2.7 Concordance of key safety data between publications and registry results
For each trial, general safety parameters (listed above) as well as the incidence of irAEs and irSAEs were compared between the publication and results posted on ClinicalTrials.gov. When this was not possible, the reason (unreported value, inconsistent reporting format, etc.) was noted.
We first studied the overall incidence for each safety parameter between the two sources for each arm using the following approach (which is graphically illustrated in Appendix 4) :
(1) Concordant: when the reported values matched between the two sources for all treatment arms
(2) Partially concordant: when the value matched for one / some arm(s), but not all arms of the trial
(3) Discordant: if none of the reported values in the treatment arms matched between the two sources
(4) Not assessable or comparable: if the value was not reported in one or both sources (along with indicating the missing sources), or if they were not presented in the same format (barring a direct concordance assessment)
The reported frequencies from the two sources were marked as a match, if the rounded percentages were within ±1% of one another.
After comparing general safety information, we then compared the incidence of specific types of irSAEs (e.g., pneumonitis, colitis, rash, etc) between the two sources, in each trial arm. The same approach was used to assess concordance between the two sources regarding irSAEs (Appendix 4).

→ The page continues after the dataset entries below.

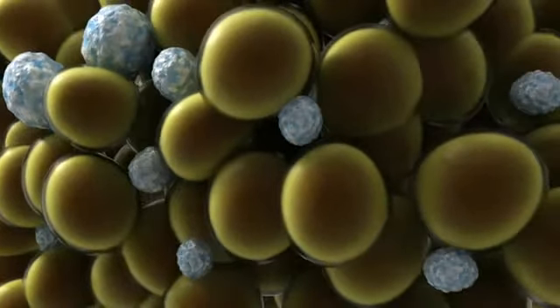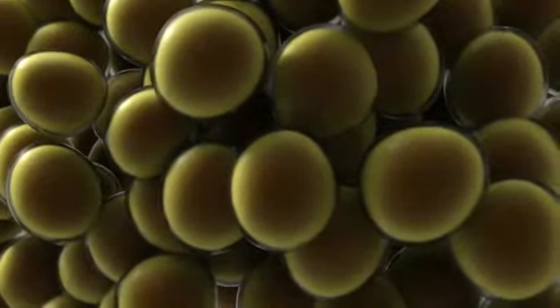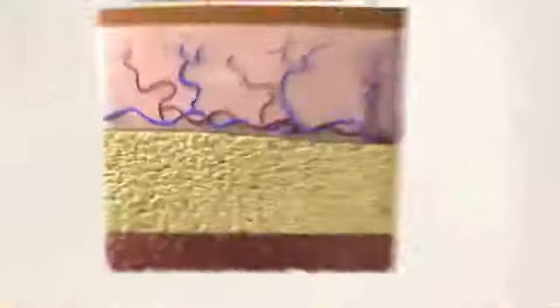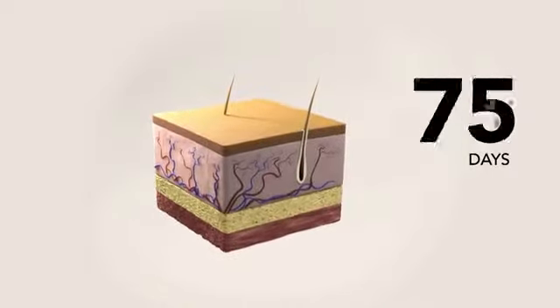Over the next few weeks and months, the fat cells shrink and begin to die as the patient's own body metabolizes them and naturally eliminates them. The overall fat layer is significantly reduced, which results in a noticeable and measurable reduction in the fat bulge around the targeted flank.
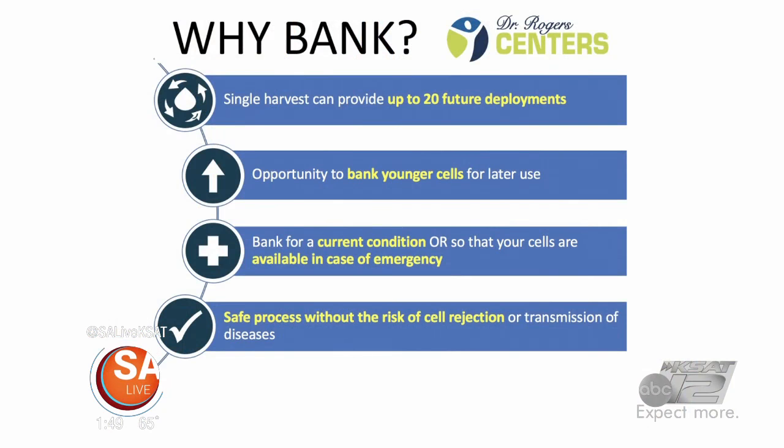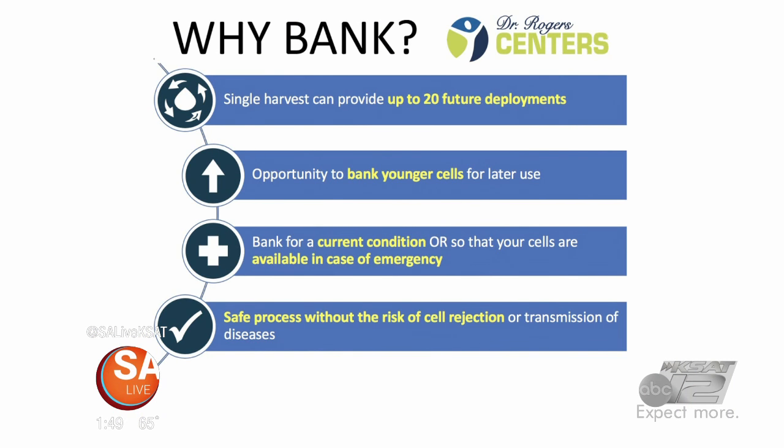Long-term, you can take the stem cells out and save them for a later date — for a rainy day. We offer the option of banking, which is a fantastic option. We harvest the fat and then FedEx it to the stem cell bank, a GMP-certified facility, where they grow and culture the stem cells — that's the word. So the stem cells make more of themselves. Now I've got between 20 and 25 treatments with 10 million of my genetically specific stem cells that I can call upon — if I have a heart attack, if I develop COPD, when my psoriasis flares, or if I fall off a ladder and damage a rotator cuff.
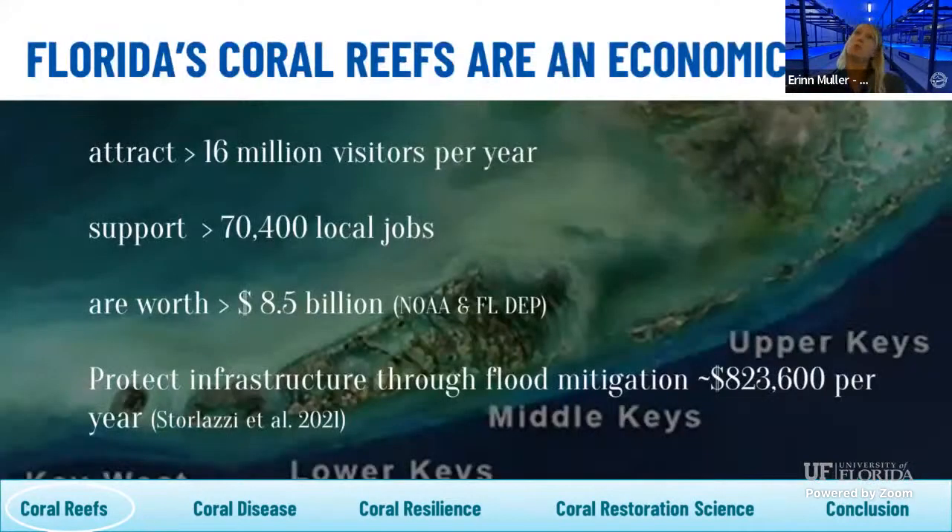Coral reefs and organisms found within this ecosystem are a source for novel compounds to fight diseases — already we're sourcing compounds to fight things like cancer, drug-resistant bacteria, and even methods to help reduce the impacts of Alzheimer's. About a billion people rely on reefs for food, coastal protection, cultural practices, and income, so a lot of people's food security and income security really rely on reef ecosystems.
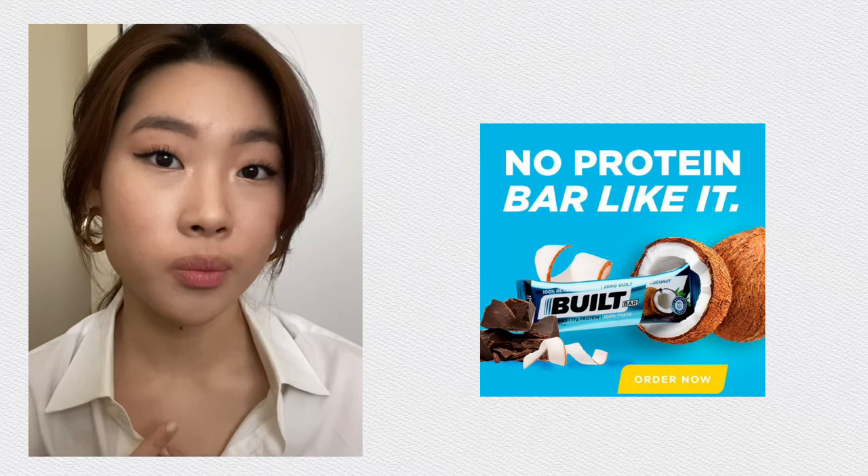Hey guys, Glory here and welcome back to my channel. So today I'm going to be talking a little bit more about Built Bars, because Built Bars is currently my favorite protein bar brand and I've been talking about this for such a long time because of the taste and the texture. Today I wanted to tell you guys how Built Bar has actually improved their texture and their taste even more.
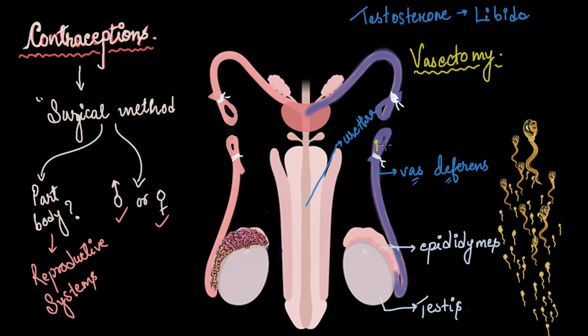What about sperm cells that had already crossed the blocked part of the vas deferens before the surgery? Their path is clear — there is no obstruction, and they can exit through the penis during ejaculation. Therefore, even after the surgery, a male is asked to use protection like a condom during sexual intercourse, because sperms in that region can remain viable for up to three months.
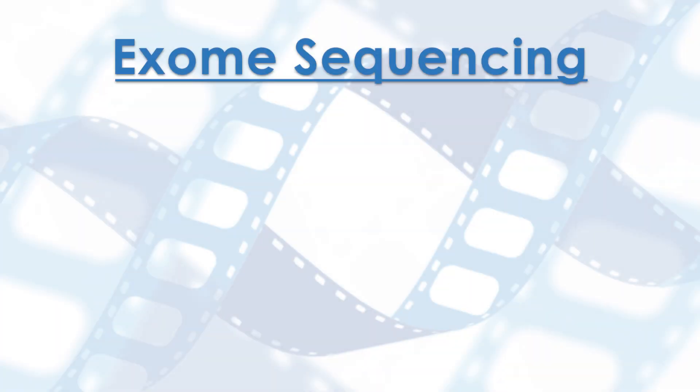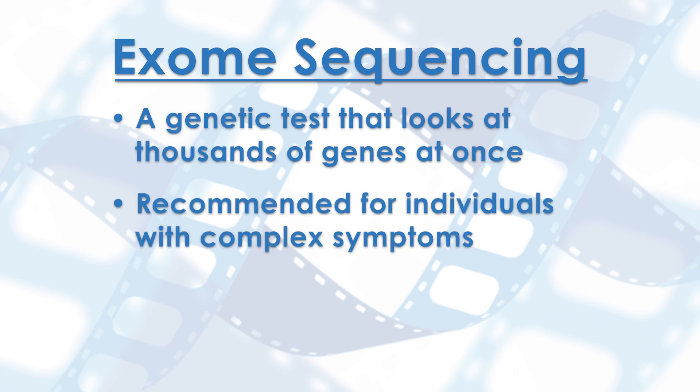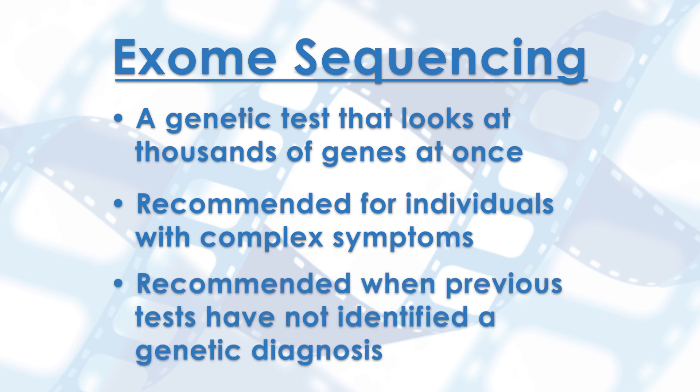Exome sequencing, also known as whole exome sequencing, is a genetic test that looks at thousands of genes at once. It is often recommended for individuals with complex symptoms, where smaller genetic tests would not be likely to reveal a diagnosis, or when other tests have not identified a genetic diagnosis.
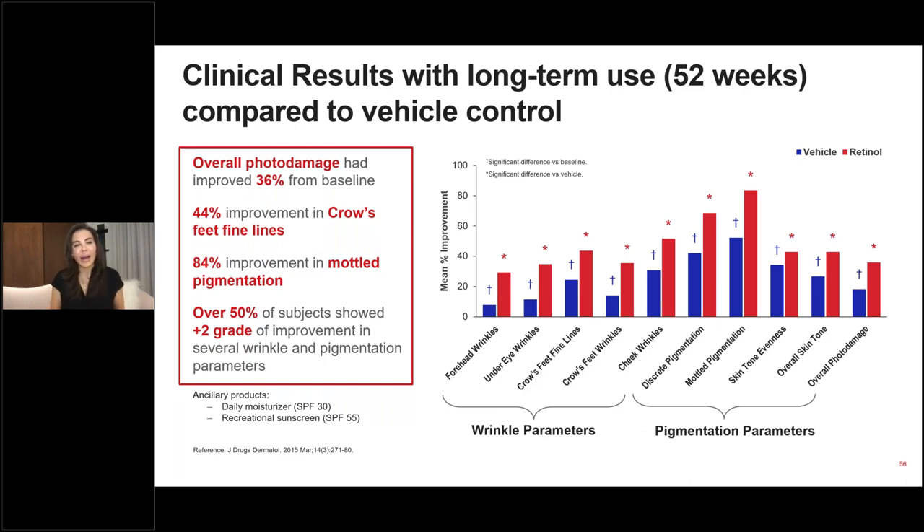In addition to wrinkle outcomes — forehead wrinkles, under eyes, frows, and cheek wrinkles — we also look at markers for pigmentation and complexion clarity achievable with retinol use. This 52-week study shows very positive responses after one year of use: 84% improvement in mottled pigmentation relative to baseline, and significant improvement with over 50% of patients showing more than a two-grade improvement in wrinkle parameters. This supports retinol not just from a line and wrinkle perspective, but also from a complexion-based perspective, and underscores the benefit of long-term use.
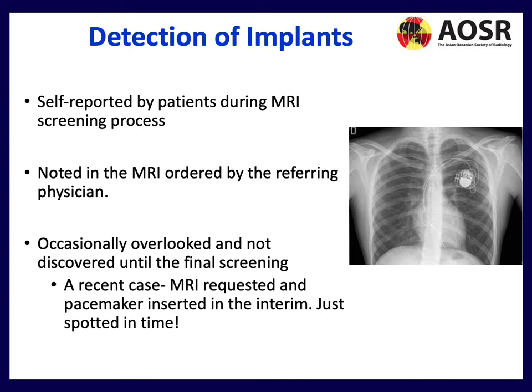Detection of implants is a major challenge. Implants can be self-reported by patients during screening, or hopefully flagged by the referring physician, but patients sometimes forget. They can occasionally be overlooked until the final screening. A recent case I heard of involved a pacemaker that was actually inserted between the clinic visit and the scan date — spotted just in time. This highlights the need for a rigorous workflow.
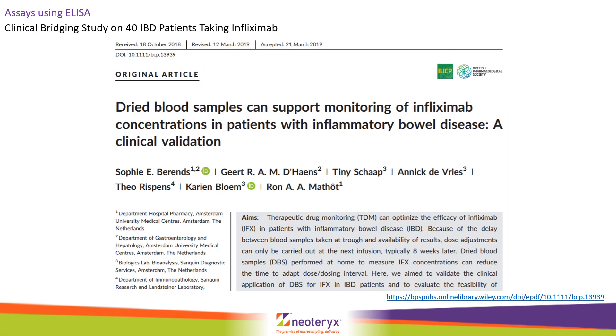Indeed, in a subsequent paper, the same group then conducted a clinical bridging study on IBD patients taking infliximab. Very good concordance was seen between Mitra samples being sent in from home compared to venous samples collected in the clinic.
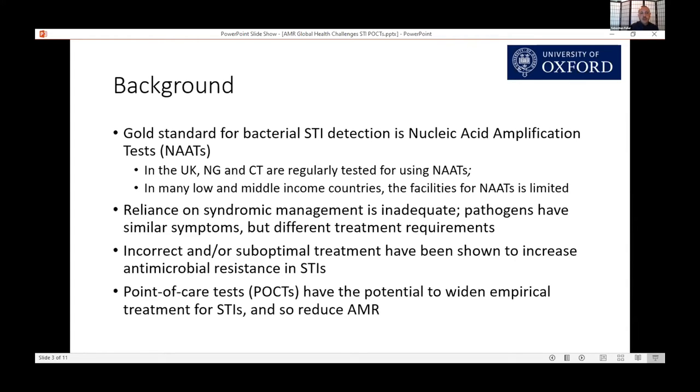Reliance on syndromic management — the diagnosis of these infections by looking at signs and symptoms and behavioral aspects of risk — is inadequate because these pathogens all have similar symptoms but require really different treatments. As we've heard in earlier talks, incorrect or suboptimal treatment has been shown to increase antimicrobial resistance, and in STIs this is no less true.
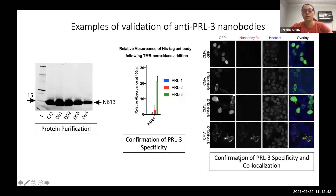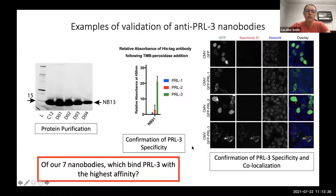We also confirmed co-localization of our nanobodies and PRL3 in cells. I overexpressed GFP-tagged PRL1, PRL2, or PRL3 in a colorectal cancer cell line and probed with our nanobody of interest plus a secondary antibody that fluoresces in the red channel. Our nanobody signal was only detected when PRL3 was overexpressed, not with other family members, and the overlay showed the nanobody and PRL3 co-localizing within cancer cells, confirming specificity.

When there were several publications for a given trial, only the article with a publication date closer to when the trial results were posted on ClinicalTrials.gov was considered. This was to ensure that differences would not be attributable to updates in posting new trial results in the registry (basically, we wanted to make sure that detected differences were not a result of comparing newer trial results posted in ClinicalTrials.gov to old published information). Also, if the investigators of a trial had published efficacy and safety outcomes in separate articles, the publication reporting safety results was selected for the purposes of our study.
2.8 Statistical analysis
Data analysis was descriptive. Frequencies and proportions are reported for categorical data, while median and interquartile ranges are presented for continuous data. Statistical analysis was performed using R software (v3.3.1).